Studying Teachers' Lives
Studying Teachers' Lives - an emergent field of study
In the late 1960s and early 1970s this approach changed somewhat (but from the point of view of the teacher not necessarily for the better). Case study researchers began to examine schooling as a social process, particularly in the manner through which school pupils were 'processed'. 'The sympathies of the researchers lay primarily with the pupils, working class and female pupils in particular, who were the "under dogs" in the classroom, teachers were the villains of the piece.' By the late 1970s we discerned a further shift: 'attention began to be directed to the constraints within which teachers work... Teachers were transformed from villains to victims and in some cases, "dupes" of the system within which they were required to operate [i].
But this latter characterization of teachers finally opened up the question of 'how teachers saw their work and their lives'. Writing in 1981, I argued that researchers had not confronted the complexity of the schoolteacher as an active agent making his or her own history. Researchers, even when they had stopped treating the teacher as numerical aggregate, historical footnote or unproblematic role incumbent still treated teachers as interchangeable types unchanged by circumstance or time. As a result new more contextually sensitive research was needed which stressed life history methods:
The pursuit of personal and biographical data might rapidly challenge the assumption of interchangeability. Likewise, by tracing the teachers' life as it evolved over time - throughout the teachers' career and through several generations - the assumption of timelessness might also be remedied. In understanding something so intensely personal as teaching it is critical we know about the person the teacher is. Our paucity of knowledge in this area is a manifest indictment of the range of our sociological imagination. [ii]
In the event, while the argument for studies of teachers lives and careers now began to be more generally pursued in the educational research community, political and economic changes were moving into a period of conservative reaction. In 1979, the era of Thatcherism began in Britain and this presaged an attack on most forms of socially-curious (let alone critical) educational research. As Measor and Sikes, using a beginning quote from Hargreaves, diplomatically (and perhaps wisely!) understate:
It may not be enough in Britain in the 1980s to say that sociological investigation is itself evidently desirable.
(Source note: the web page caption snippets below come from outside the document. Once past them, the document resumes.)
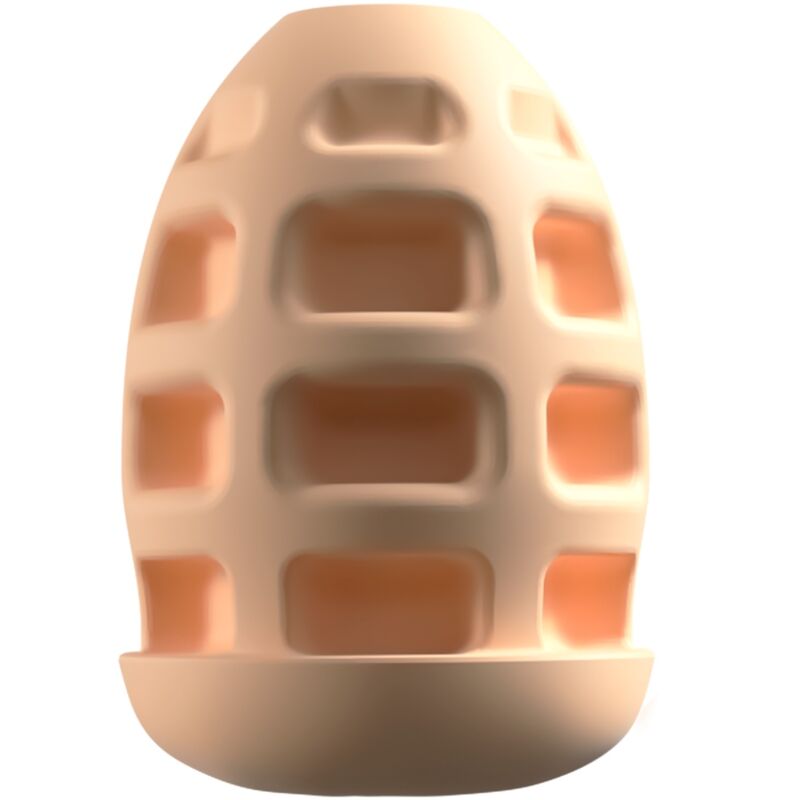 Close-up do ALIVE Mini Masturbador Masculino Shot Experience, mostrando seu design compacto e textura.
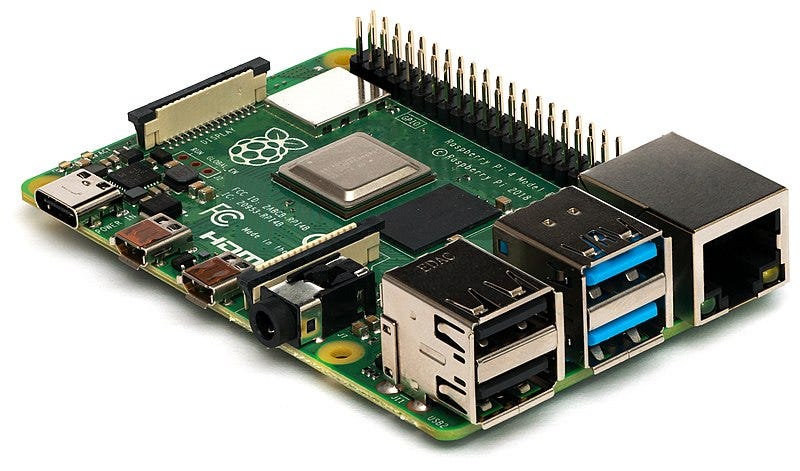 Image of a Raspberry Pi 4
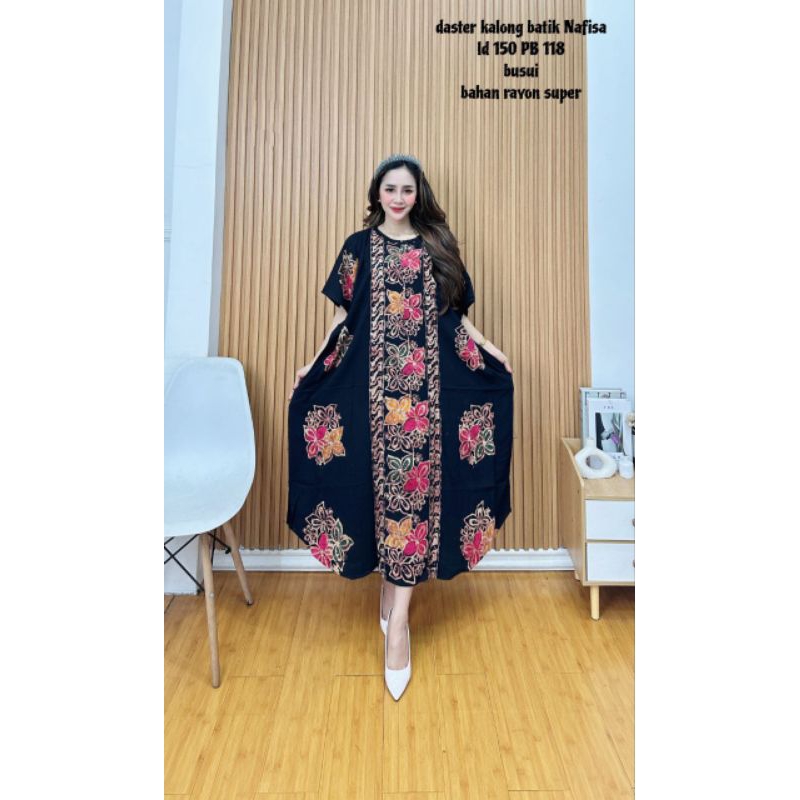 DASTER JUMBO BUSUI LD 140 KAIN TEBAL BATIK CAP PEKALONGAN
There has been 'A decline in government interest in investing in independent questioning and self criticism...' We need to take care to ensure that we do not imply that we see teachers as deprived underdogs, nevertheless teachers do work in a context which currently threatens their working autonomy and their conditions of employment and choice over the ways they teach children (p. 229).
[i] ibid., p. 7.
[ii] Goodson, I.F. (1981) 'Life history and the study of schooling', lnterchange, Ontario Institute for Studies in Education, Vol. 11, No. 4, p.69.